Re: [PATCH bpf-next v3 06/11] bpf: Introduce BPF_MAP_TYPE_STRUCT_OPS

From: Daniel Borkmann <daniel@iogearbox.net>
To: Martin Lau <kafai@fb.com>
Cc: "bpf@vger.kernel.org" <bpf@vger.kernel.org>,
	Alexei Starovoitov <ast@kernel.org>,
	David Miller <davem@davemloft.net>,
	Kernel Team <Kernel-team@fb.com>,
	"netdev@vger.kernel.org" <netdev@vger.kernel.org>
Subject: Re: [PATCH bpf-next v3 06/11] bpf: Introduce BPF_MAP_TYPE_STRUCT_OPS
Date: Wed, 8 Jan 2020 17:53:50 +0100	[thread overview]

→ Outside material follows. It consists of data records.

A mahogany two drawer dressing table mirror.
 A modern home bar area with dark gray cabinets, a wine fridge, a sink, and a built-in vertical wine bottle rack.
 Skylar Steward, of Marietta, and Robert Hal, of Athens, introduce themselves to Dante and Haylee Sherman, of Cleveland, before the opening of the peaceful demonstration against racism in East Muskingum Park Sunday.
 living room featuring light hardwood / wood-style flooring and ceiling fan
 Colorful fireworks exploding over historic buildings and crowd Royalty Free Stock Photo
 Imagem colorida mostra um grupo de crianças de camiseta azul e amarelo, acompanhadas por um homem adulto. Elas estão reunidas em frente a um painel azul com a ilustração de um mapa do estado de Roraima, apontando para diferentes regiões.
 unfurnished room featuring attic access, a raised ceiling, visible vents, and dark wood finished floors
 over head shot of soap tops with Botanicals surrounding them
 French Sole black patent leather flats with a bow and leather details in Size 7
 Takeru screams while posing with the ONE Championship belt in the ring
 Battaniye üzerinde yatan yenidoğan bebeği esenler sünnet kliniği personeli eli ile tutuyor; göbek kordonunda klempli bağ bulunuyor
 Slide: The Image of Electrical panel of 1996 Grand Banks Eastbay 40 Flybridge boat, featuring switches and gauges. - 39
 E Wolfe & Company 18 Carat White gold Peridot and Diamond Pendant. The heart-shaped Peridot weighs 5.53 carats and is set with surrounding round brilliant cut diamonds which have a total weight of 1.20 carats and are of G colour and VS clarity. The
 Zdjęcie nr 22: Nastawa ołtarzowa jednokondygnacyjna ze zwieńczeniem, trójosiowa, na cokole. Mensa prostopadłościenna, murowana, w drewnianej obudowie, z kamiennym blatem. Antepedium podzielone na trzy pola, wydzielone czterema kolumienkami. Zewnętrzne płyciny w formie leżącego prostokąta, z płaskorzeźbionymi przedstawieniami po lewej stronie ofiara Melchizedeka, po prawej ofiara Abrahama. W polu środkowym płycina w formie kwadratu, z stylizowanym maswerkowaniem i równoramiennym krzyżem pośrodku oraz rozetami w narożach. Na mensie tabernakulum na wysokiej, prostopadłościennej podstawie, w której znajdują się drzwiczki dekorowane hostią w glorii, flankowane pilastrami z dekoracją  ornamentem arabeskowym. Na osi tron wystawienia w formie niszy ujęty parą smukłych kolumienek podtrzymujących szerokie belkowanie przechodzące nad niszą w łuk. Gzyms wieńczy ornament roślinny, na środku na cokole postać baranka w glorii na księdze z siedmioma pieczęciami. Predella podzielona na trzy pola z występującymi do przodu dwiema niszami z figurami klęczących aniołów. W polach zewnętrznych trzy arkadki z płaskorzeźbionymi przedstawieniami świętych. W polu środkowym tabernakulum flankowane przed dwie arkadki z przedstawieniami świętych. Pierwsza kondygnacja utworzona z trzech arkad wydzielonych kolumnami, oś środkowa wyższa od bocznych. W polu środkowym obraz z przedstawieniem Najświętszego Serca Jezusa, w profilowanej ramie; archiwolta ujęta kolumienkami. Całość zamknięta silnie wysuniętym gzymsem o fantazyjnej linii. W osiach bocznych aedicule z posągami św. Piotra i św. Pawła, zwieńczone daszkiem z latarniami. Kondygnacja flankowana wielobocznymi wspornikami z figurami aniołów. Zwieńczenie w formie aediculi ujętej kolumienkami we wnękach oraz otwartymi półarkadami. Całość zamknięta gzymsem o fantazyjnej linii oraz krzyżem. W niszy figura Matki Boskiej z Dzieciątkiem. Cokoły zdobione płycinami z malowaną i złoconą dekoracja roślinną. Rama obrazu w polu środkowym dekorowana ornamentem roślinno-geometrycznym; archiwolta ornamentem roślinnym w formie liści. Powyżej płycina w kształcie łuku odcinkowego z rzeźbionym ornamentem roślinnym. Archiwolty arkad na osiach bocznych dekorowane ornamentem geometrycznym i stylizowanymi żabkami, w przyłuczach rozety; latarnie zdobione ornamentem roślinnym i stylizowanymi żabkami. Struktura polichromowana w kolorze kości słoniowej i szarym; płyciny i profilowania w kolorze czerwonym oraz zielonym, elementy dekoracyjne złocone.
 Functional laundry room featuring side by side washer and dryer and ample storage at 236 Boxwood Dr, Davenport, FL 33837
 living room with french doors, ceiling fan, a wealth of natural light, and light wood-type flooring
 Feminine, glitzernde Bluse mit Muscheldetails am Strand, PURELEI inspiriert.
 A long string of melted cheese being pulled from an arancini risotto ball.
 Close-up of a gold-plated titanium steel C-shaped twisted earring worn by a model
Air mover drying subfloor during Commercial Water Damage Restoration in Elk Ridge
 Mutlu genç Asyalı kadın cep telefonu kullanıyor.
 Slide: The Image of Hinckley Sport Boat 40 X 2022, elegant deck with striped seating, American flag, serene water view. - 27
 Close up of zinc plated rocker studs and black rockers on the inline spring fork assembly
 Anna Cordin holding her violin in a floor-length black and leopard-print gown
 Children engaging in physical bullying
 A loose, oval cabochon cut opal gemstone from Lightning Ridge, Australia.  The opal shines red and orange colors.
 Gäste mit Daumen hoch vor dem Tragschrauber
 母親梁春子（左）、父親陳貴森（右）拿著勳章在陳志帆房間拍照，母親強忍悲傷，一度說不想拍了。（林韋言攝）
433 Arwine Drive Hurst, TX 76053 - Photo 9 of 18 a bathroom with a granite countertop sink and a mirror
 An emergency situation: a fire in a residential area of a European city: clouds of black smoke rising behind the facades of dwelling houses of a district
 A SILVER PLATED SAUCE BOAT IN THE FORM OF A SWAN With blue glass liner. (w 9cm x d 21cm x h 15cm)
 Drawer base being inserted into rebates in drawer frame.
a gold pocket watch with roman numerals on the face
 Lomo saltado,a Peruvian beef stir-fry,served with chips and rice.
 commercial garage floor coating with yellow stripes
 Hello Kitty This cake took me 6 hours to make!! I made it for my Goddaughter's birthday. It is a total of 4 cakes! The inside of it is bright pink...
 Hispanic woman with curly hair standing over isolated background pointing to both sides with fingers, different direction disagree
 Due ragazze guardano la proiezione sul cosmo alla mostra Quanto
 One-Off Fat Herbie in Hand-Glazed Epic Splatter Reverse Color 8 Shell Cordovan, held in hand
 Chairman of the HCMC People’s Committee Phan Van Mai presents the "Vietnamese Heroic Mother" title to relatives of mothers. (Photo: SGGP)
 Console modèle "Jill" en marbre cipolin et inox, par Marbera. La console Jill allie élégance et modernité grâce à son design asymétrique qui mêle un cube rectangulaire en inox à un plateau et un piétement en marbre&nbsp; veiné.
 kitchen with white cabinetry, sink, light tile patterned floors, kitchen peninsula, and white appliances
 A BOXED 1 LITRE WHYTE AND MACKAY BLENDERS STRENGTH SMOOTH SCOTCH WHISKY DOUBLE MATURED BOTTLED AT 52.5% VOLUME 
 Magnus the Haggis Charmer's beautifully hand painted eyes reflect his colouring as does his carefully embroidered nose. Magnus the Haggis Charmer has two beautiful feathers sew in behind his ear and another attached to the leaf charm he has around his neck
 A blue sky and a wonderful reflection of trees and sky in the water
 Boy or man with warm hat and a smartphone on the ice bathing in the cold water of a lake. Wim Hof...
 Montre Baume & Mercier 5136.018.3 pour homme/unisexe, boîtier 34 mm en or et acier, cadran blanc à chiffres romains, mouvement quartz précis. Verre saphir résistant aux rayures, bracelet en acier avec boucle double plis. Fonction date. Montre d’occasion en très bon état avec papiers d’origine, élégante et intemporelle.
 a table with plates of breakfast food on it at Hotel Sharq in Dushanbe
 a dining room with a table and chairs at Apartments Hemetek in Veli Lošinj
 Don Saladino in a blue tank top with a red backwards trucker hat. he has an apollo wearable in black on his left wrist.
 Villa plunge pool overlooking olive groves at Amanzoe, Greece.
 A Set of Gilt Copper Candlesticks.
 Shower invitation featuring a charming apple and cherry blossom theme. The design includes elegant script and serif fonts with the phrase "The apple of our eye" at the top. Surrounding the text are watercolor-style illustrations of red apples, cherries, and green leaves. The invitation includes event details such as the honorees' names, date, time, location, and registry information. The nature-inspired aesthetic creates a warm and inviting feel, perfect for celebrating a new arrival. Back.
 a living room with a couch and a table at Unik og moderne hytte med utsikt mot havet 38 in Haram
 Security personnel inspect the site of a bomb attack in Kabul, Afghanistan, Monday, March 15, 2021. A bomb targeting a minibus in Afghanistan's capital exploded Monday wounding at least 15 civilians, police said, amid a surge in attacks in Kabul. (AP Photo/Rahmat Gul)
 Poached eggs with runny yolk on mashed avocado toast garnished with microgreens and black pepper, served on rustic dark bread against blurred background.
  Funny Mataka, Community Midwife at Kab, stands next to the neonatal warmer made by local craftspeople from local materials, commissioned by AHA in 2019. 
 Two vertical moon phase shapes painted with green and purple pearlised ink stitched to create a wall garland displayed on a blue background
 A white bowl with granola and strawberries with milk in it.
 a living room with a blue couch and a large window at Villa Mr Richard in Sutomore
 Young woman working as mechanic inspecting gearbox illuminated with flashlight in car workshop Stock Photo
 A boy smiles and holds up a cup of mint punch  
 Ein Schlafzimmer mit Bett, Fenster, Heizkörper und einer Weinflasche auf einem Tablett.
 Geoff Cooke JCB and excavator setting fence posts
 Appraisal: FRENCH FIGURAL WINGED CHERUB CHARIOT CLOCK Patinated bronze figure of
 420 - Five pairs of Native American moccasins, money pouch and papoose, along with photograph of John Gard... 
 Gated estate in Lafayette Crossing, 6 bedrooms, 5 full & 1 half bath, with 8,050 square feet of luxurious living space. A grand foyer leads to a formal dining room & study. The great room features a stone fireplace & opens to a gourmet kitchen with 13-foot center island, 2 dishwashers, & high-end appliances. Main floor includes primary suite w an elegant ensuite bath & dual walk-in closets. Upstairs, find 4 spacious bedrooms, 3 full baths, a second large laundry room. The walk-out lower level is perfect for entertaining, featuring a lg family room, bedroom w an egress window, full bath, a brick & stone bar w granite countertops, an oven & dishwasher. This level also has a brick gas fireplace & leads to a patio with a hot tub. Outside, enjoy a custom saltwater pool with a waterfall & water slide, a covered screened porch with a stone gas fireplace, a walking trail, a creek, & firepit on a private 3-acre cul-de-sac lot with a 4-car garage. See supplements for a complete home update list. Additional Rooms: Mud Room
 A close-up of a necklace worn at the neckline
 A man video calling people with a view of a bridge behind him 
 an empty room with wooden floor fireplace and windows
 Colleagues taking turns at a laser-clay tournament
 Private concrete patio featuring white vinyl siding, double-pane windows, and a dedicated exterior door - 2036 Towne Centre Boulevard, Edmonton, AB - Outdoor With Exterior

Message-ID: <20200108165350.GA7014@linux-3.fritz.box> (raw)
In-Reply-To: <20200108015223.sdecaqnjeconwpgq@kafai-mbp>

On Wed, Jan 08, 2020 at 01:52:26AM +0000, Martin Lau wrote:
> On Wed, Jan 08, 2020 at 01:21:39AM +0100, Daniel Borkmann wrote:
> > On 12/31/19 7:20 AM, Martin KaFai Lau wrote:
> > > The patch introduces BPF_MAP_TYPE_STRUCT_OPS.  The map value
> > > is a kernel struct with its func ptr implemented in bpf prog.
> > > This new map is the interface to register/unregister/introspect
> > > a bpf implemented kernel struct.
> > > 
> > > The kernel struct is actually embedded inside another new struct
> > > (or called the "value" struct in the code).  For example,
> > > "struct tcp_congestion_ops" is embbeded in:
> > > struct bpf_struct_ops_tcp_congestion_ops {
> > > 	refcount_t refcnt;
> > > 	enum bpf_struct_ops_state state;
> > > 	struct tcp_congestion_ops data;  /* <-- kernel subsystem struct here */
> > > }
> > > The map value is "struct bpf_struct_ops_tcp_congestion_ops".
> > > The "bpftool map dump" will then be able to show the
> > > state ("inuse"/"tobefree") and the number of subsystem's refcnt (e.g.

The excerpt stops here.